In un contesto simile, sia Guarro che Sainz sottolineano la necessità di non dimenticare la situazione che si sta vivendo alla frontiera sud di Ceuta e Melilla, “forse uno delle prove più evidenti della brutalità che si può raggiungere alle frontiere”, ha dichiarato Sainz, con recinzioni, filo spinato, aggressioni e altre violazioni dei diritti. Secondo l’attivista “noi della Red Solidaria de Acogida siamo stati in contatto con almeno 3.000 persone rifugiate negli ultimi quattro mesi e nella maggior parte dei casi sono entrati passando dalla frontiera sud nonostante i terribili controlli che ci sono”. Molto spesso questa gente proveniente dalla Siria o da altri paesi incontra enormi difficoltà per passare la frontiera, e una volta arrivati vengono “resi invisibili”. Inoltre, sottolinea la portavoce di SOS-Racisme, “la ripartizione di quote è di per sé vergognosa, perché stando alla Dichiarazione Universali dei Diritti Umani una persona non ha maggior diritto alla vita di un’altra, e per di più non si sta neppure applicando”. Nel caso della Spagna, infatti, “delle 18 persone che si era disposti ad accettare lo scorso anno, alla fine ne sono state 12, e solo una di queste proveniente dalla Siria. La politica della Spagna è una vergogna assoluta”.
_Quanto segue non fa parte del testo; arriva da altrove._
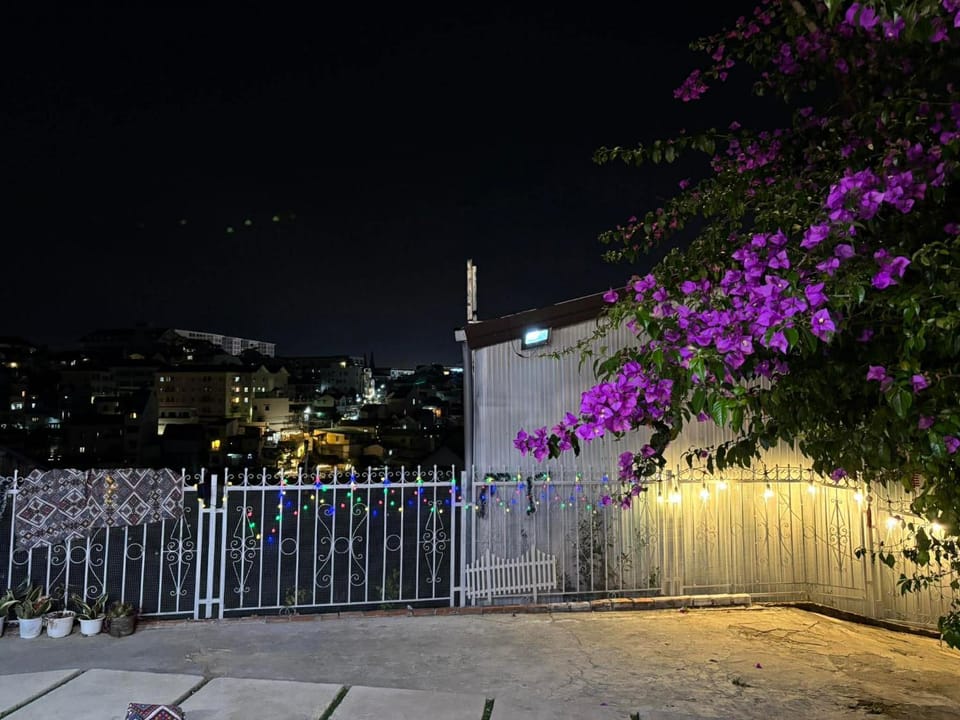 Nhà Mìn 2 Apartment in Dalat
Sainz, inoltre, denuncia le categorizzazioni che si creano tanto in Spagna quanto in Europa, in primo luogo tra immigrati legali e illegali, poi tra migranti economici e rifugiati, per finire con l’enorme differenziazione tra i rifugiati, al punto che alcuni paesi hanno deciso di limitare l’accoglienza ai soli Siriani, Iracheni ed Afghani – cacciando via gli altri – ammesso e concesso che riescano a farla in barba alla morte, a pagare le mafie, a sopravvivere al mare, ad attraversare le frontiere e a superare gli ostacoli burocratici.

Diecimila minori scomparsi in Europa

Il 31 gennaio, l’Ufficio di Polizia Europeo (Europol) annunciava che, secondo i dati in loro possesso, almeno 10.000 bambini rifugiati non accompagnati sono scomparsi in Europa, 5.000 di loro dai centri d’accoglienza in Italia, e altri 1.000 in Svezia. Si teme che molti di essi, quelli che non si sono ricongiunti con i familiari, siano caduti in mano ad una “struttura criminale paneuropea”, un insieme di organizzazioni mafiose che sarebbe nato circa 18 mesi fa e aventi Germania e Ungheria come basi principali, e che distribuirebbe i minori negli altri paesi al fine di sfruttarli come schiavi nel mercato sessuale. Nel 2015 sono stati 26.000 i bambini rifugiati non accompagnati arrivati in Europa.